Dataset excerpt: Begin

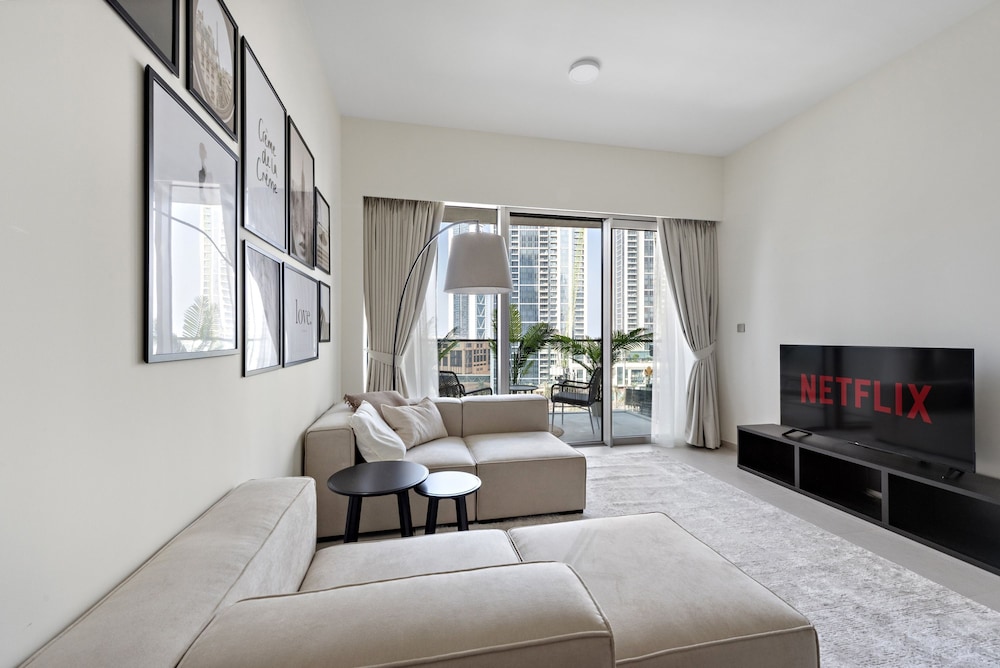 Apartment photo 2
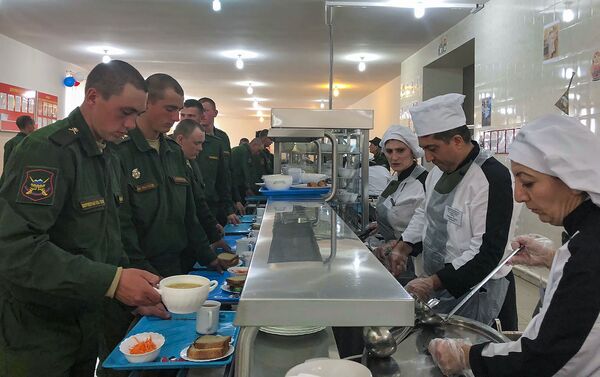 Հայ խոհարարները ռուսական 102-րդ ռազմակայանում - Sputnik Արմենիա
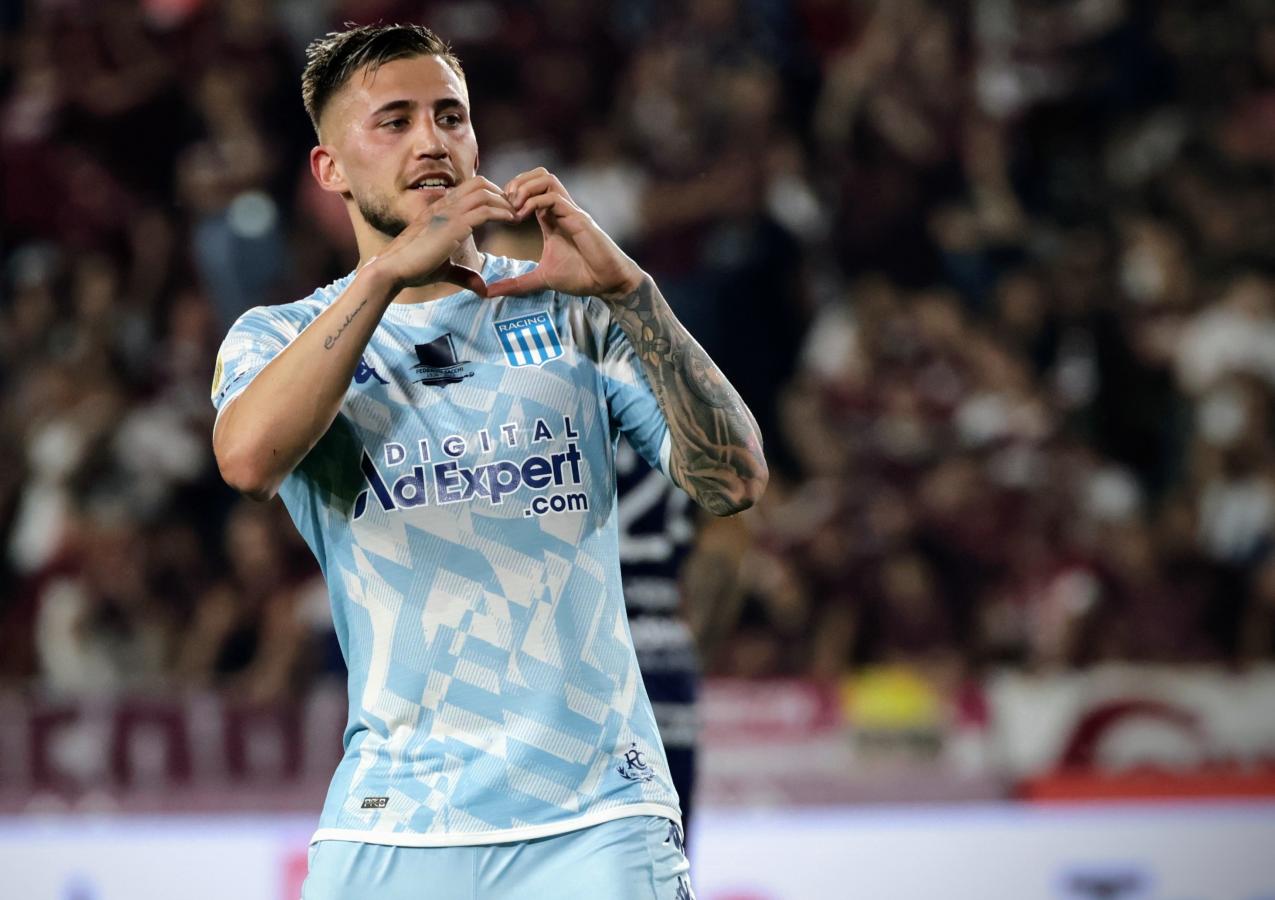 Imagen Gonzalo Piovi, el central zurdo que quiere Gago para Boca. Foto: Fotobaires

Dataset excerpt: End

Each line of the data should be quoted exactly, with pictures left out.

 Apartment photo 2
 Հայ խոհարարները ռուսական 102-րդ ռազմակայանում - Sputnik Արմենիա
 Imagen Gonzalo Piovi, el central zurdo que quiere Gago para Boca. Foto: Fotobaires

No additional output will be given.